_Required action_
Would you please transcribe the records below exactly, leaving out the pictures?

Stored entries
============================================================

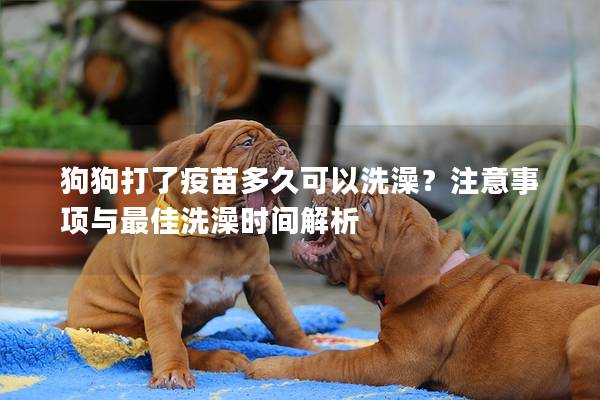 狗狗打了疫苗多久可以洗澡？注意事项与最佳洗澡时间解析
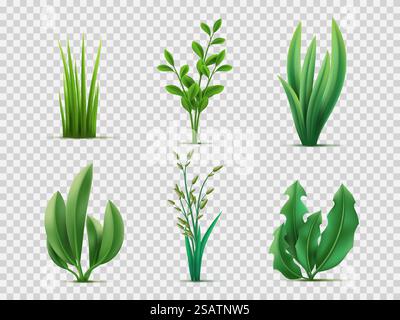 Realistisches Frühlingsgras. Grüne Wiesen Pflanzen und Kräuter, frisches Rasengras, breite Blätter, Gartenstil, natürliche Vegetation, 3D isoliert auf transparenten Hintergrund Dekorobjekten, utter Vektorsatz. Realistisches Frühlingsgras. Grüne Wiesen Pflanzen und Kräuter, Rasengras, breite Blätter, Gartenstil, natürliche Vegetation, 3D isoliert auf transparentem Hintergrund Dekorobjekte utter Vektorsatz Stock Vektor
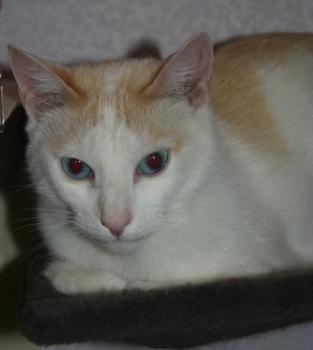 Chiqui Bild von Chiqui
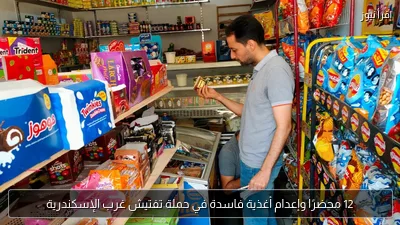 12 محضرًا وإعدام أغذية فاسدة في حملة تفتيش غرب الإسكندرية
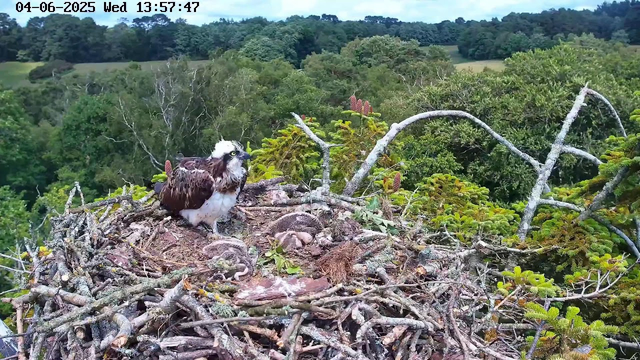 A young osprey is perched on its large nest made of sticks and branches, high above a lush green forest. The nest contains some moss and twigs, and the bird has white and brown plumage with distinctive facial markings. The background features dense trees, rolling hills, and a bright, partly cloudy sky. The timestamp and date are displayed at the top of the image.
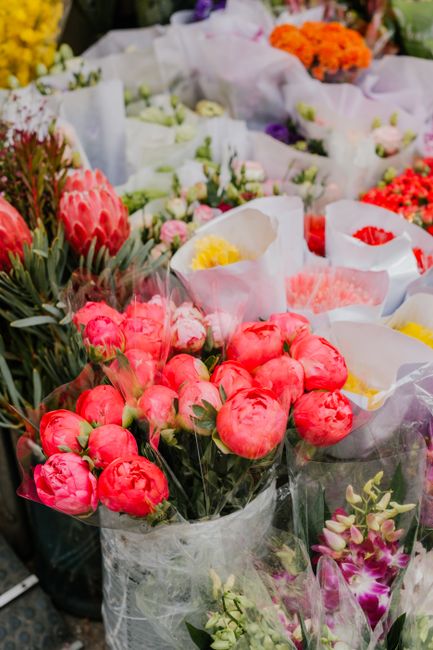 A vibrant floral display featuring a bouquet of fresh, pink peonies with lush green stems, wrapped in clear cellophane. Surrounding the main bouquet are various other floral arrangements, including wh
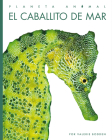 El Caballito de Mar (Planeta Animal) By Valerie Bodden Cover Image
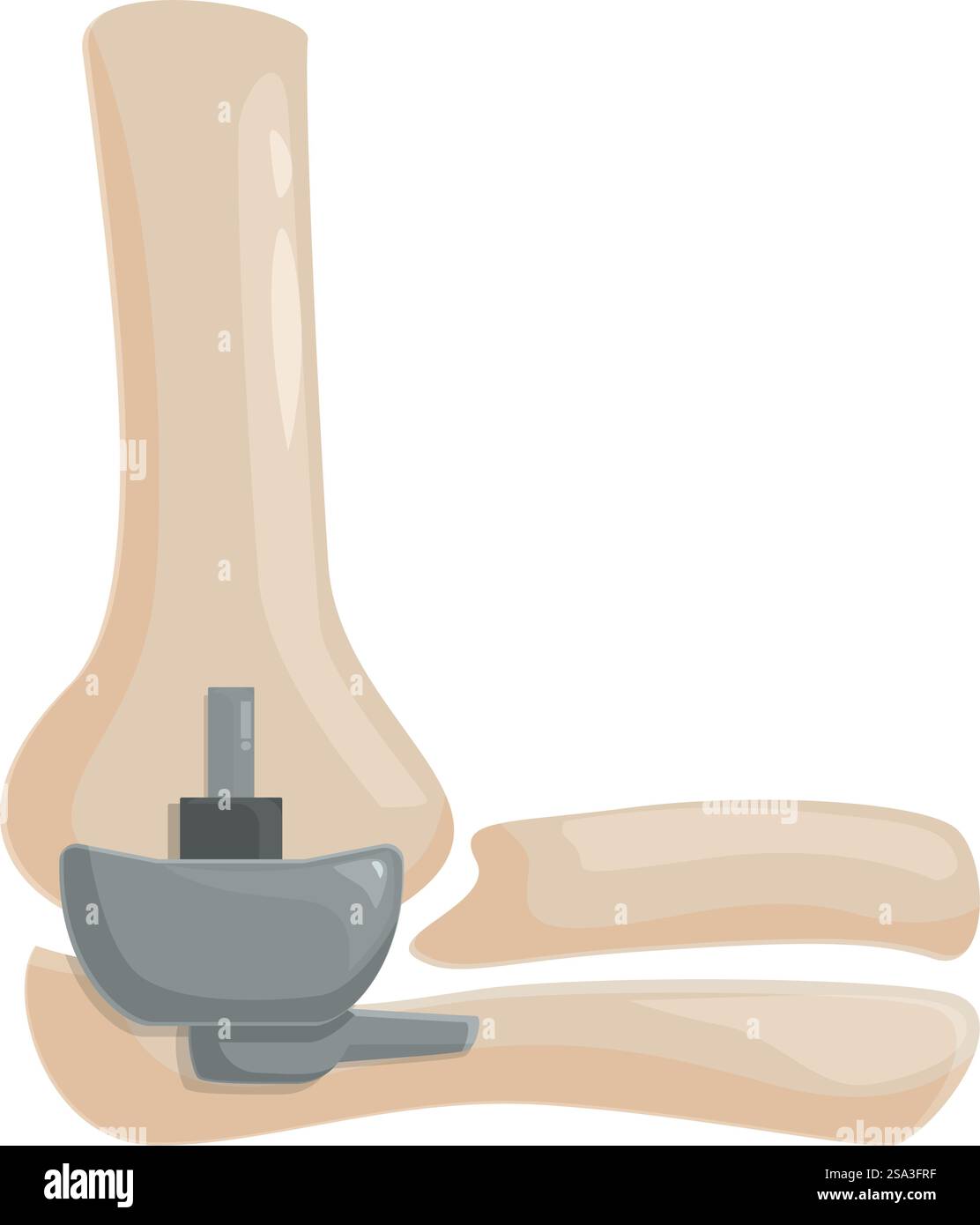 Illustrazione di un mortaio, un pestello e un olio essenziale in una fiasca, che rappresenta l'estrazione naturale. Mortaio e pestello con olio essenziale estratto Illustrazione Vettoriale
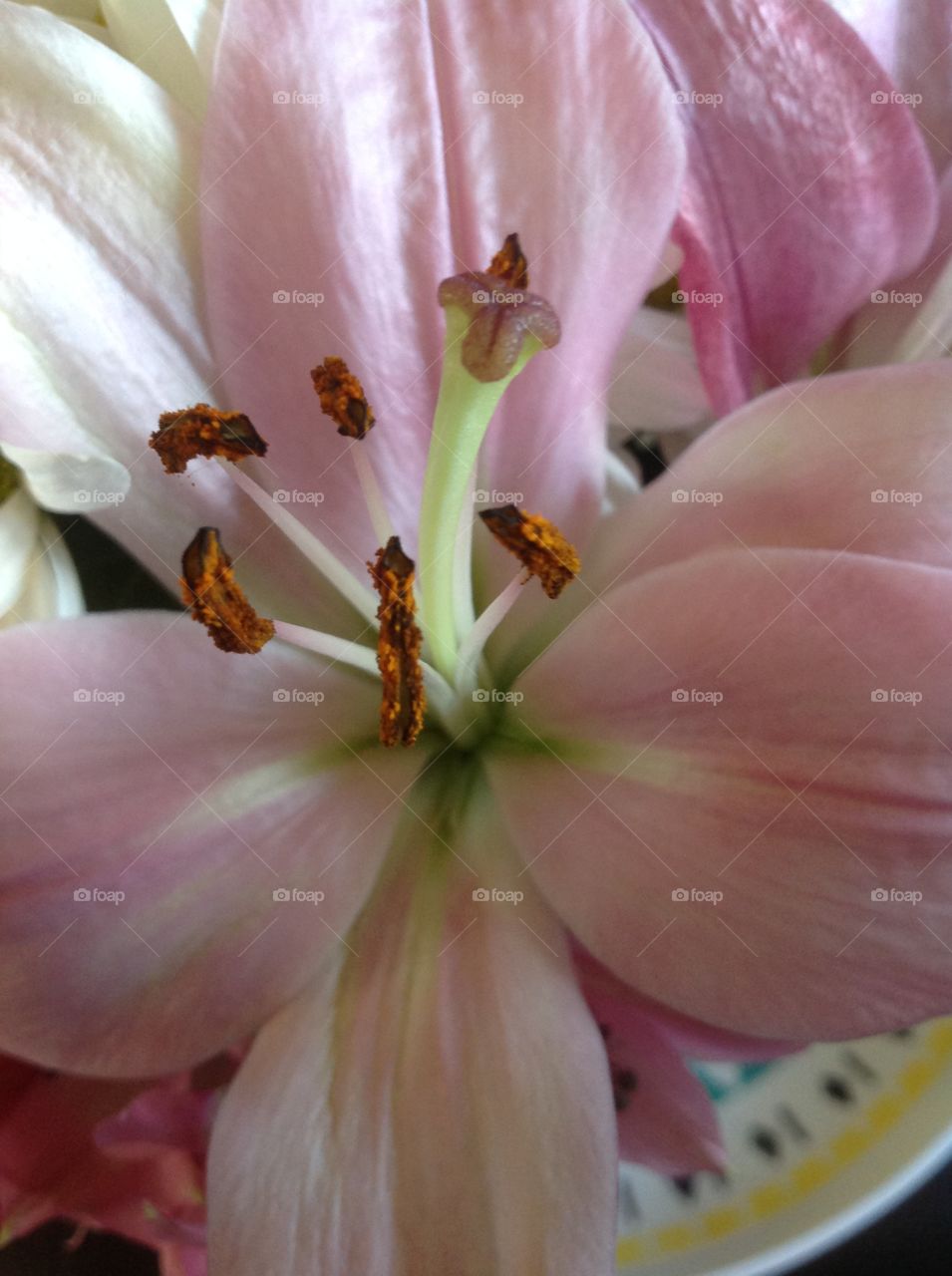 Beautiful close up tiger Lily.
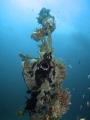 Black Frogfish Yawning. canon S100 + wide angle + dual inon  Z240.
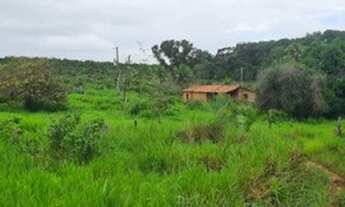 Imagem: VENDO FAZENDA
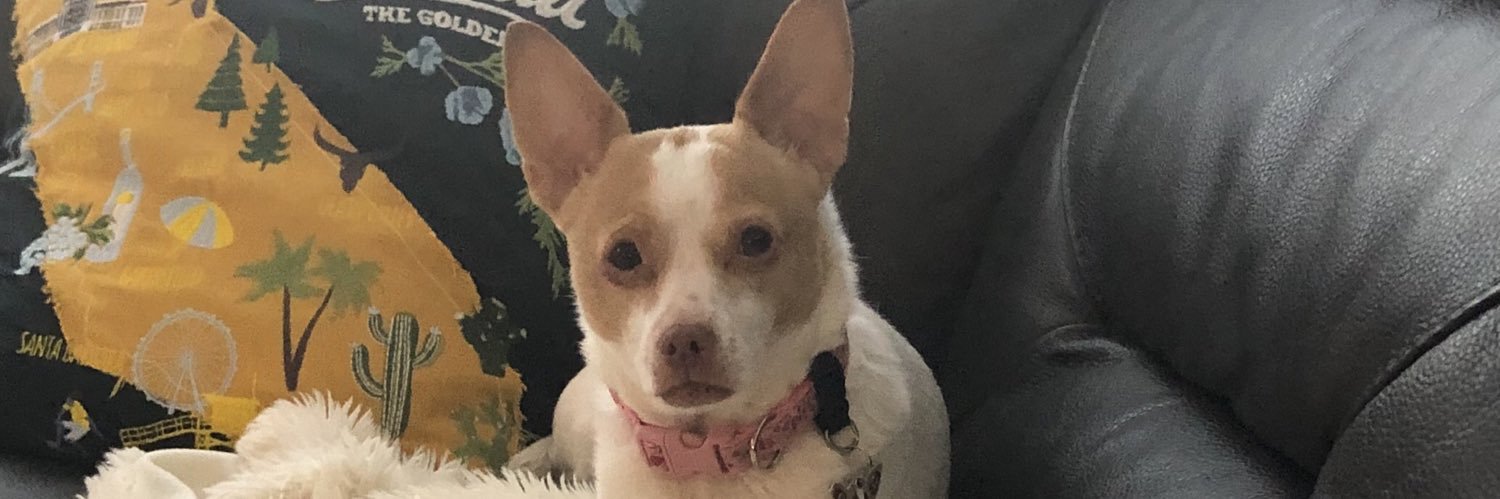 mmamicucci's profile banner image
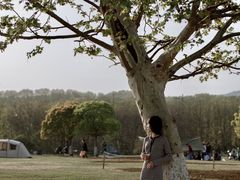 -钟山体育运动公园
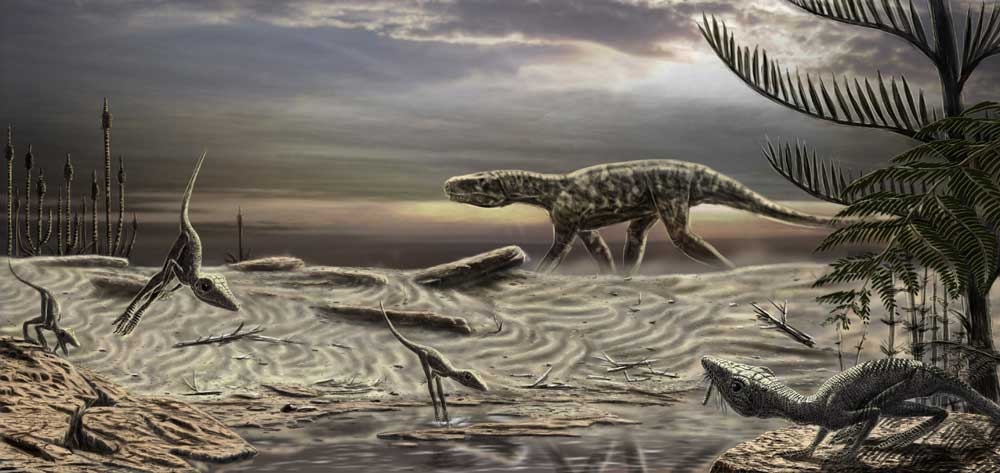 http://www.paleospot.com/illustrations/Scleromochlus.jpg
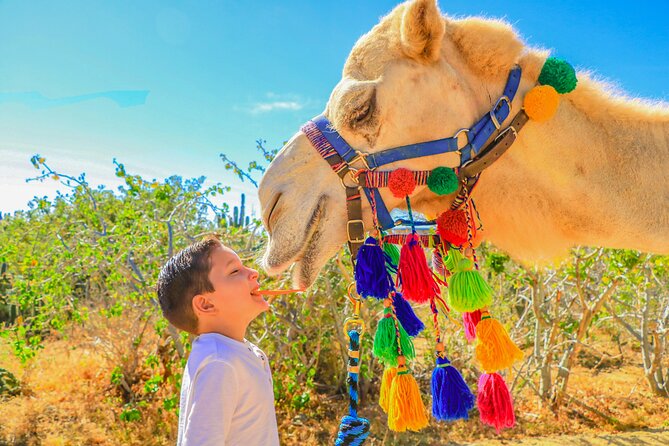 Combo Off Road 4x4 UTV Camel Ride Lunch and Tequila Tasting - Tequila and Damiana Tasting: A Fun Lesson with Drinks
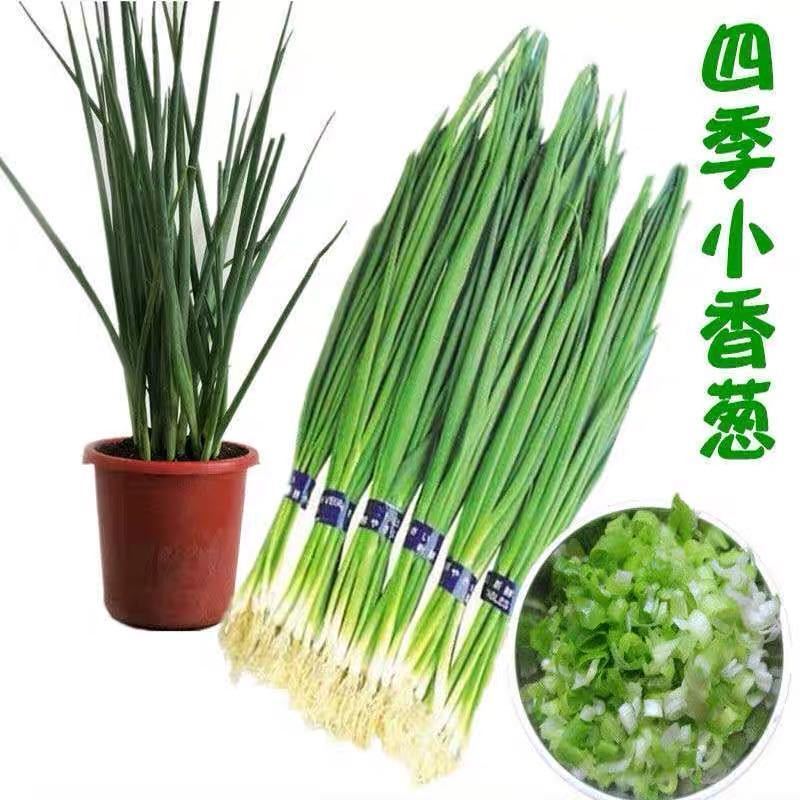 四季香葱葱苗自家种植的春季移栽葱苗长白大葱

============================================================

_Exercise output_
 狗狗打了疫苗多久可以洗澡？注意事项与最佳洗澡时间解析
 Realistisches Frühlingsgras. Grüne Wiesen Pflanzen und Kräuter, frisches Rasengras, breite Blätter, Gartenstil, natürliche Vegetation, 3D isoliert auf transparenten Hintergrund Dekorobjekten, utter Vektorsatz. Realistisches Frühlingsgras. Grüne Wiesen Pflanzen und Kräuter, Rasengras, breite Blätter, Gartenstil, natürliche Vegetation, 3D isoliert auf transparentem Hintergrund Dekorobjekte utter Vektorsatz Stock Vektor
 Chiqui Bild von Chiqui
 12 محضرًا وإعدام أغذية فاسدة في حملة تفتيش غرب الإسكندرية
 A young osprey is perched on its large nest made of sticks and branches, high above a lush green forest. The nest contains some moss and twigs, and the bird has white and brown plumage with distinctive facial markings. The background features dense trees, rolling hills, and a bright, partly cloudy sky. The timestamp and date are displayed at the top of the image.
 A vibrant floral display featuring a bouquet of fresh, pink peonies with lush green stems, wrapped in clear cellophane. Surrounding the main bouquet are various other floral arrangements, including wh
 El Caballito de Mar (Planeta Animal) By Valerie Bodden Cover Image
 Illustrazione di un mortaio, un pestello e un olio essenziale in una fiasca, che rappresenta l'estrazione naturale. Mortaio e pestello con olio essenziale estratto Illustrazione Vettoriale
 Beautiful close up tiger Lily.
 Black Frogfish Yawning. canon S100 + wide angle + dual inon  Z240.
 Imagem: VENDO FAZENDA
 mmamicucci's profile banner image
 -钟山体育运动公园
 http://www.paleospot.com/illustrations/Scleromochlus.jpg
 Combo Off Road 4x4 UTV Camel Ride Lunch and Tequila Tasting - Tequila and Damiana Tasting: A Fun Lesson with Drinks
 四季香葱葱苗自家种植的春季移栽葱苗长白大葱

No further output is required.